- [MATERIAL PROVIDED]:
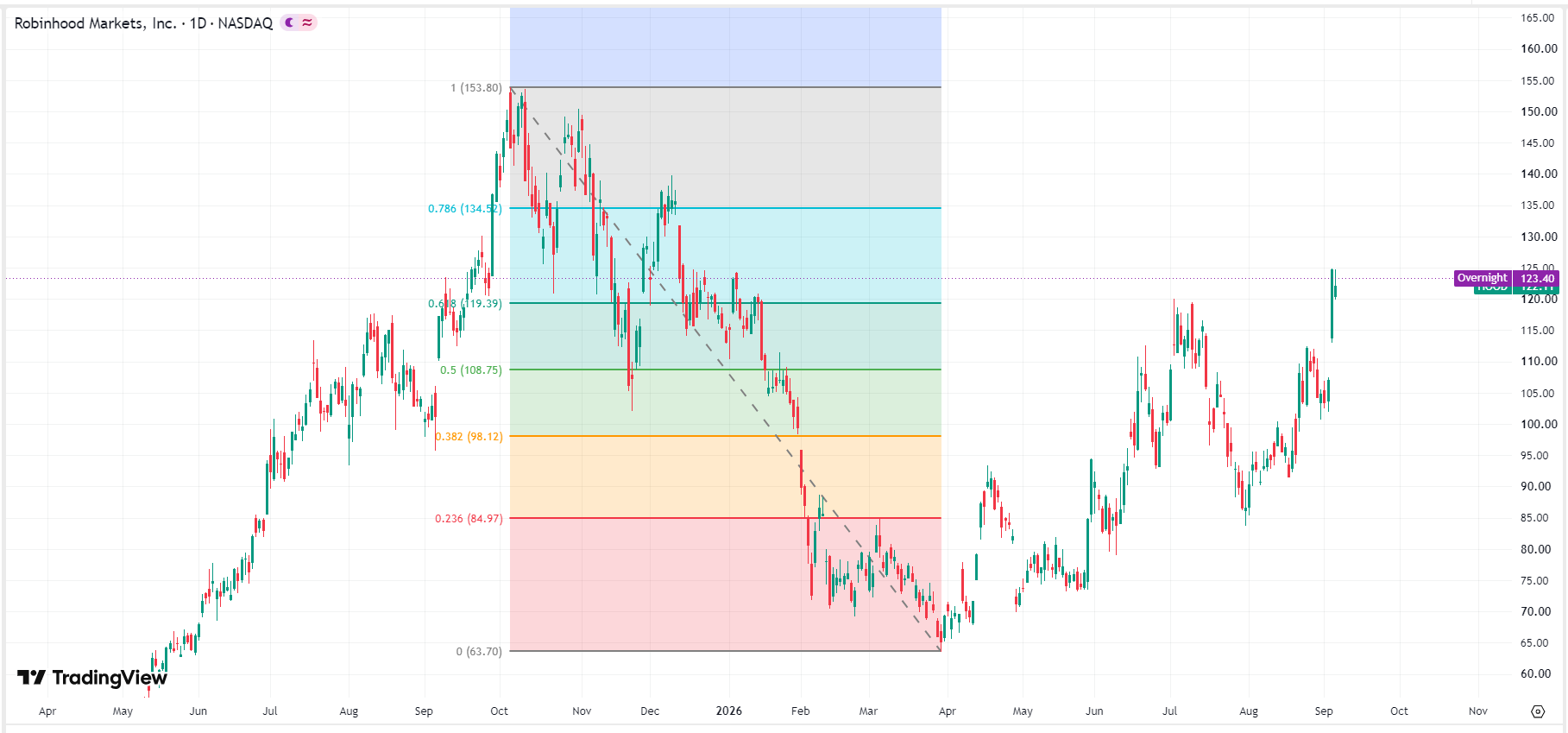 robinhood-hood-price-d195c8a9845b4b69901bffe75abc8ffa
* * *
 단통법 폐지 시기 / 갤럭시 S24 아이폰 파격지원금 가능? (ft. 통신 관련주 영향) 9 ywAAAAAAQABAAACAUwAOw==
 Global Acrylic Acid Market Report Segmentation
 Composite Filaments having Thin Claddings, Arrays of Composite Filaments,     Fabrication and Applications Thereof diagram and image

- [WORK TO COMPLETE]: Where the data above reaches the line holding "Global Acrylic Acid", begin printing, and stop after the line holding "Composite Filaments having". Each line must be reproduced exactly, with nothing else added.

- [RESPONSE]:
 Global Acrylic Acid Market Report Segmentation
 Composite Filaments having Thin Claddings, Arrays of Composite Filaments,     Fabrication and Applications Thereof diagram and image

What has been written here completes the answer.